Tusk said Poland believed the men were cooperating with Russia’s security services and one had been arrested previously for sabotage in Ukraine. The pair are reportedly not among those who have been arrested.

The blast damaged rail tracks near the town of Mika, on a rail line linking Warsaw and eastern Poland, a key logistics route towards the border with Ukraine. There were no casualties, as the gap in the tracks was spotted by a regional train driver who alerted authorities. In a separate incident, power cables were destroyed along a nearby section of track.

Sikorski said he was ordering the closure of the Gdańsk consulate “though it will not be our full response” to the attack. He did not specify what other measures Poland might take. Poland has closed two other Russian consulates, in Kraków and Poznan, in recent years. The embassy in Warsaw remains open.

Russia’s foreign ministry said it would “reduce Poland’s diplomatic and consular presence in Russia” in response.
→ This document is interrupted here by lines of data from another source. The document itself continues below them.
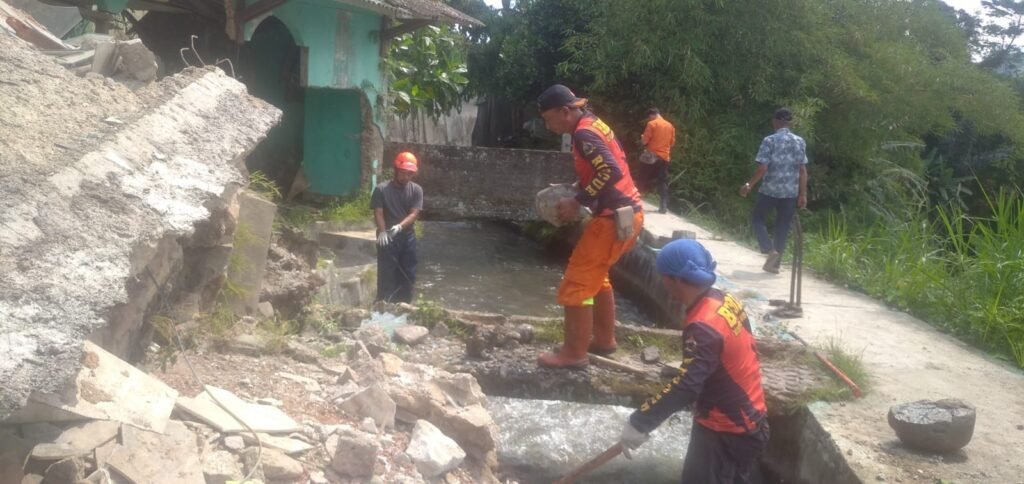 TPT Ambruk di Lembursitu Sukabumi, Satu Rumah Rusak dan Saluran Irigasi Tersumbat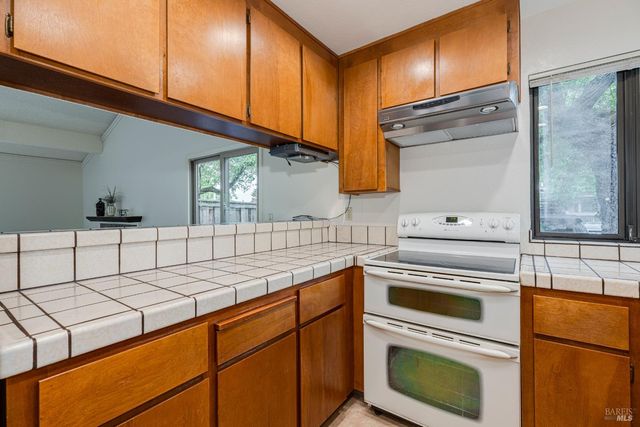 601 Marylyn Cir, Petaluma, CA 94954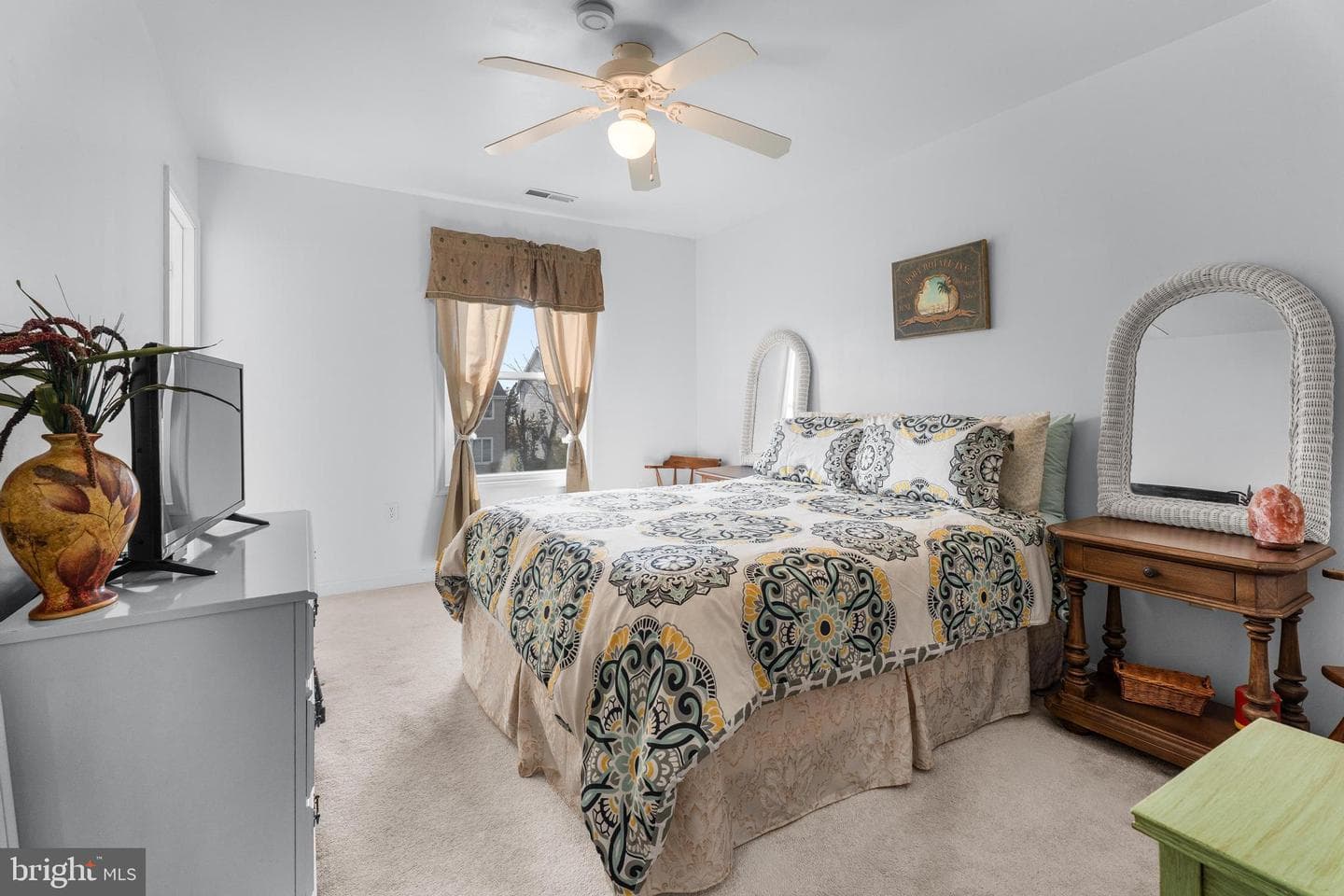 160 Jamestown Road photo 45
“Relations with Poland have completely deteriorated,” said the Kremlin spokesperson Dmitry Peskov. “This is probably a manifestation of this deterioration – the Polish authorities’ desire to reduce any possibility of consular or diplomatic relations to zero.”

Russia has denied being behind sabotage attacks in Europe, but Polish and other European intelligence services believe Moscow has launched a campaign of arson, explosions and infrastructure attacks in order to test Europe’s defences and weaken support for Ukraine. The attacks usually use one-time operatives recruited over the Telegram app, often Ukrainian citizens.

Tusk spoke with Ukraine’s president, Volodymyr Zelenskyy, on Wednesday morning, with the Ukrainian president promising “to share all information” relating to the attack. The two countries would set up a bilateral working group to try to prevent further incidents, Zelenskyy said.

“Our information is the same: all the facts indicate that there is a Russian trace behind all of this,” he said. He compared the attacks in Poland to daily sabotage acts in Ukraine.

Speaking at a press conference in Warsaw, the chief of the Polish general staff, Wiesław Kukuła, said the long winter nights in the upcoming holiday season could be perceived by Russia as the perfect time to increase sabotage activity. “We must not allow this to happen,” he said.

Kukuła added that the army wanted to prepare for a “wide range” of potential incidents “to eliminate any space for this type of activity”.

The defence minister, Władysław Kosiniak-Kamysz, announced at the same press conference that the army was working on a plan, Operation Horizon, to deploy 10,000 soldiers to protect critical infrastructure across the country to “counteract acts of diversion and raise the level of security for Polish citizens”.